■ Directions for this task ■
From first line to last, give the records again word for word and omit the pictures.

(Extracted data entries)

--- START ---

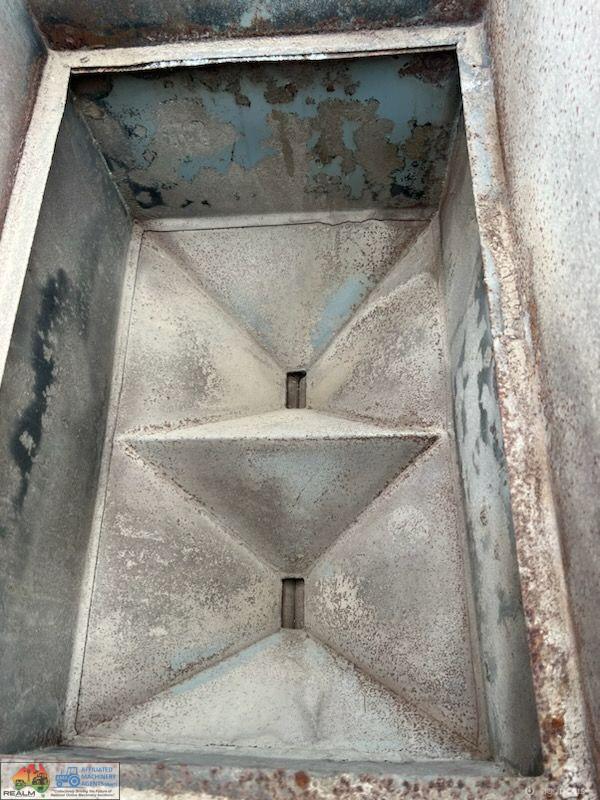 3x Row-crop Fertilizer Boxes - photo 5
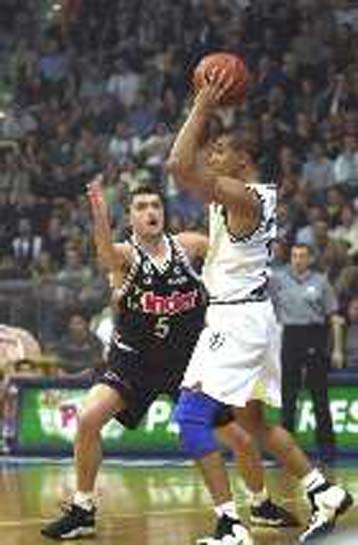 Πετυχημένη πρόβα τζενεράλε για την Κίντερ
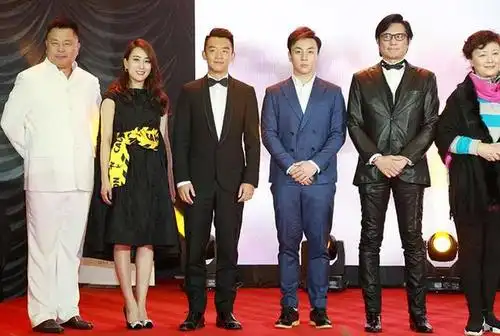 释小龙正装出席揭幕盛典 与郑恺马苏一同登台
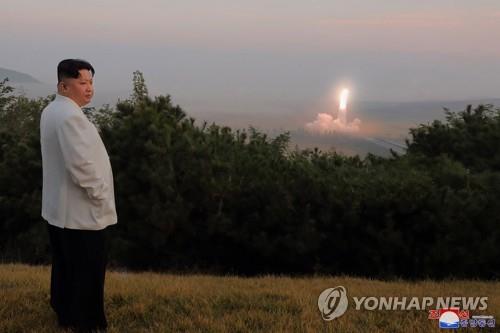 北朝鮮の朝鮮中央通信は１０日、金正恩氏が戦術核運用部隊の訓練を現地指導したと報じた＝（朝鮮中央通信＝聯合ニュース）≪転載・転用禁止≫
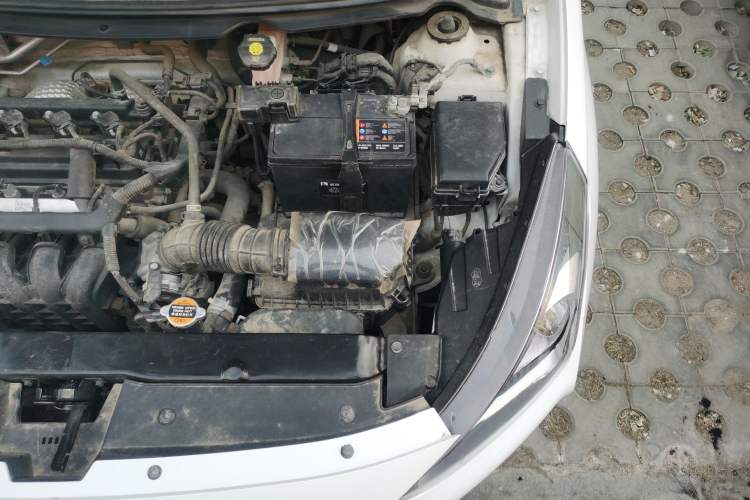 Used Hyundai Verna (older generation) 2020 1.4L Manual GL Refreshed Edition Engine Bay Left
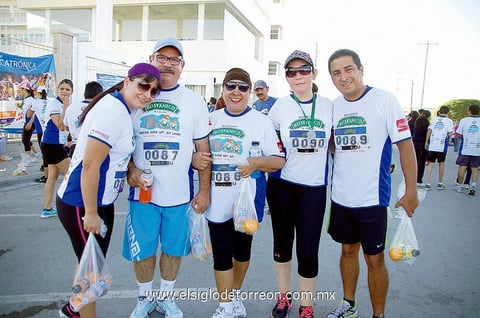 Gaby, Juan, Juanita, Angélica y Armando.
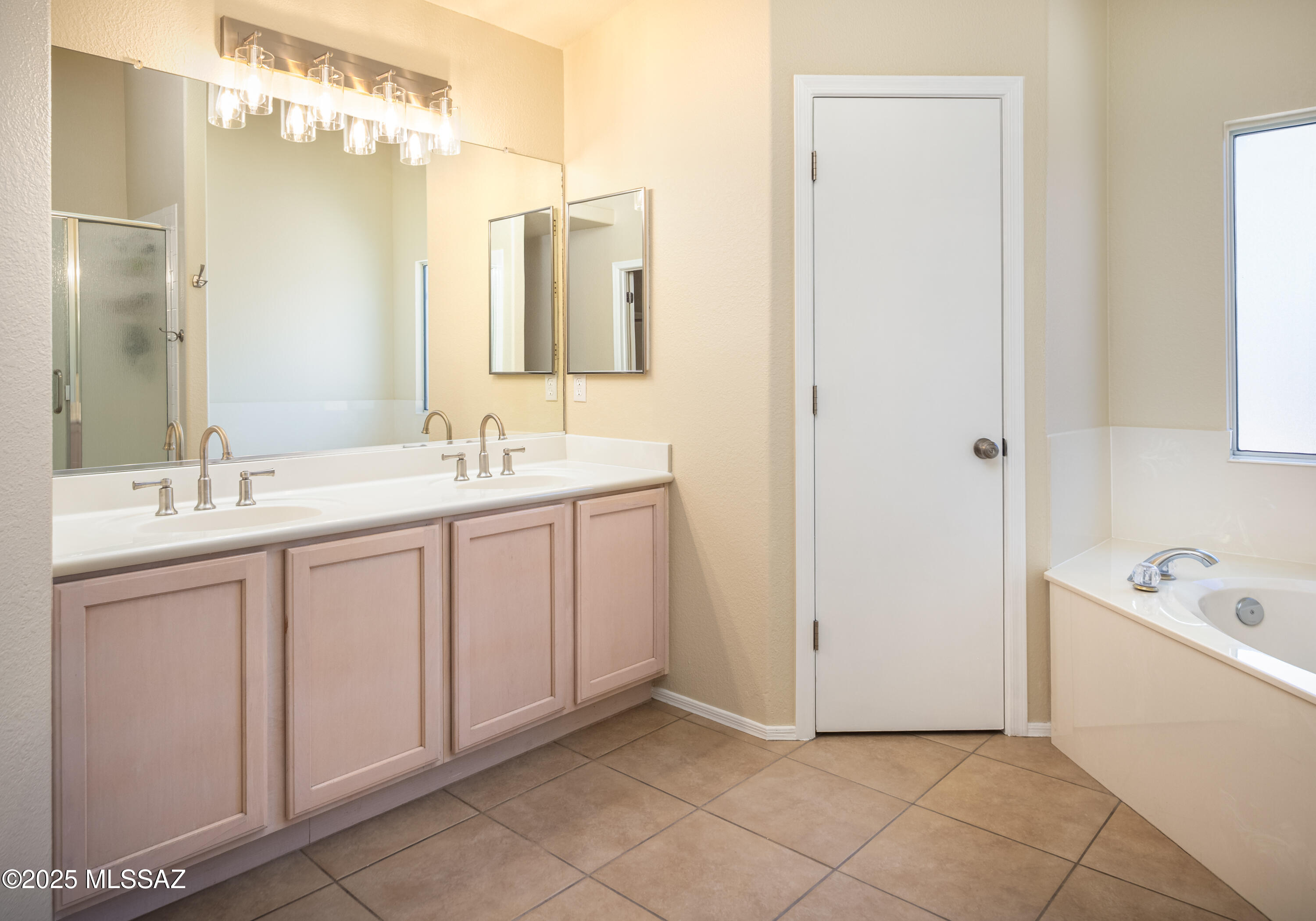 2058 W Three Oaks Drive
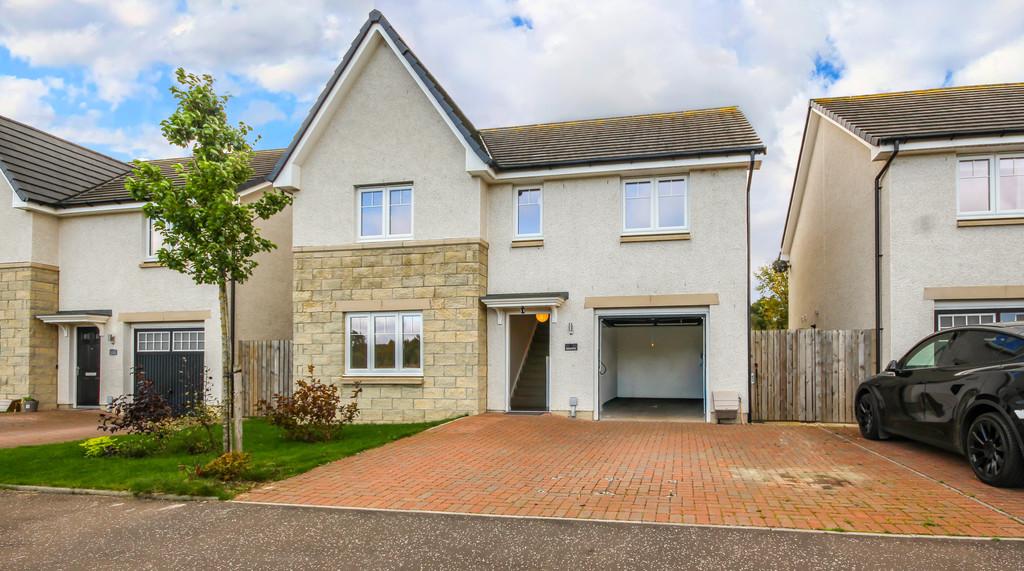 11 Breistonhill View - External Small skys 2-2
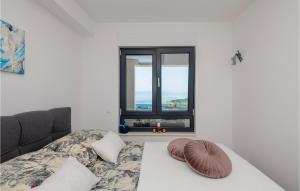 Gorgeous Apartment In Makarska With House Sea View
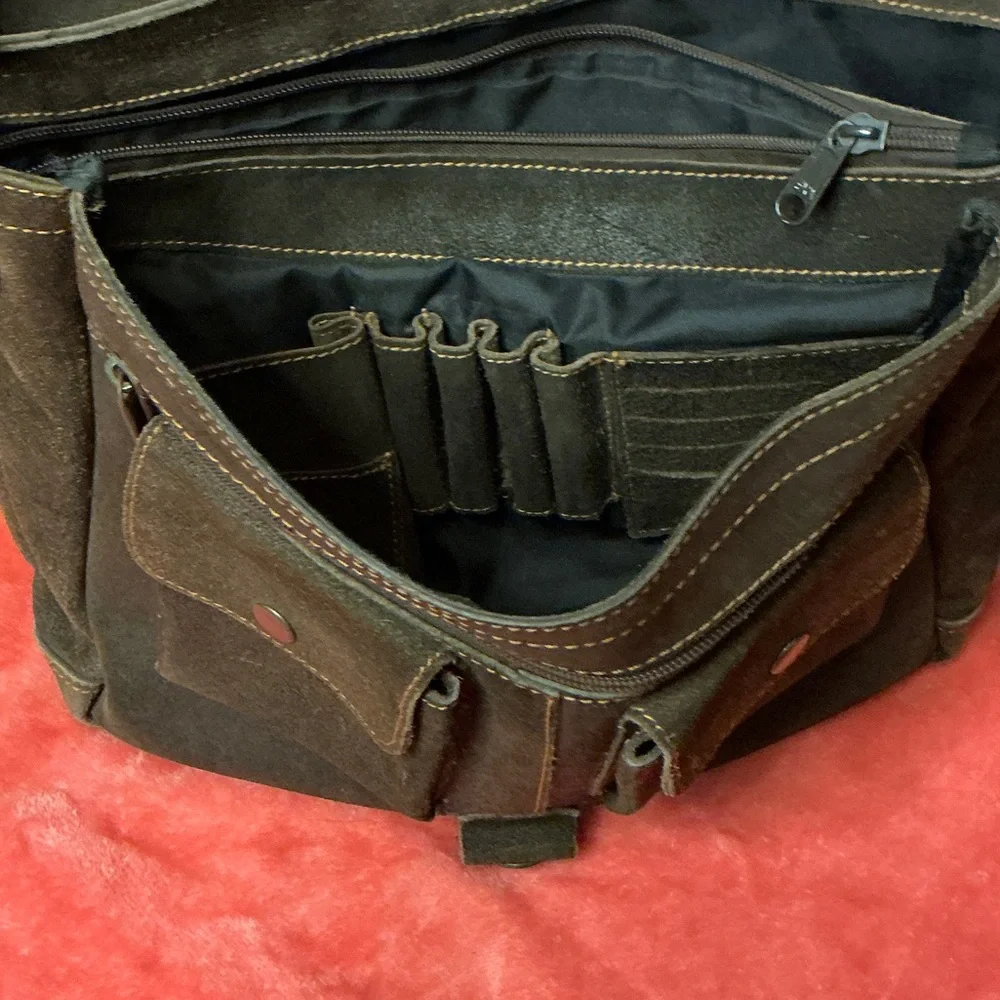 Men's Brown Messenger Bag - Picture 5 of 13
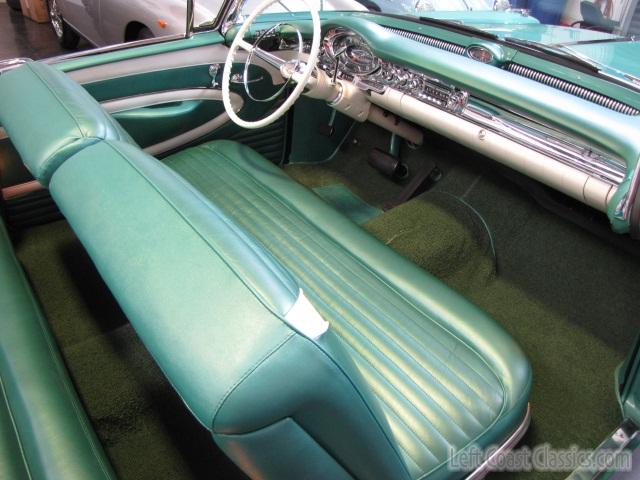 1957-oldsmobile-super88-984.jpg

--- END ---

■ Finished task ■
 3x Row-crop Fertilizer Boxes - photo 5
 Πετυχημένη πρόβα τζενεράλε για την Κίντερ
 释小龙正装出席揭幕盛典 与郑恺马苏一同登台
 北朝鮮の朝鮮中央通信は１０日、金正恩氏が戦術核運用部隊の訓練を現地指導したと報じた＝（朝鮮中央通信＝聯合ニュース）≪転載・転用禁止≫
 Used Hyundai Verna (older generation) 2020 1.4L Manual GL Refreshed Edition Engine Bay Left
 Gaby, Juan, Juanita, Angélica y Armando.
 2058 W Three Oaks Drive
 11 Breistonhill View - External Small skys 2-2
 Gorgeous Apartment In Makarska With House Sea View
 Men's Brown Messenger Bag - Picture 5 of 13
 1957-oldsmobile-super88-984.jpg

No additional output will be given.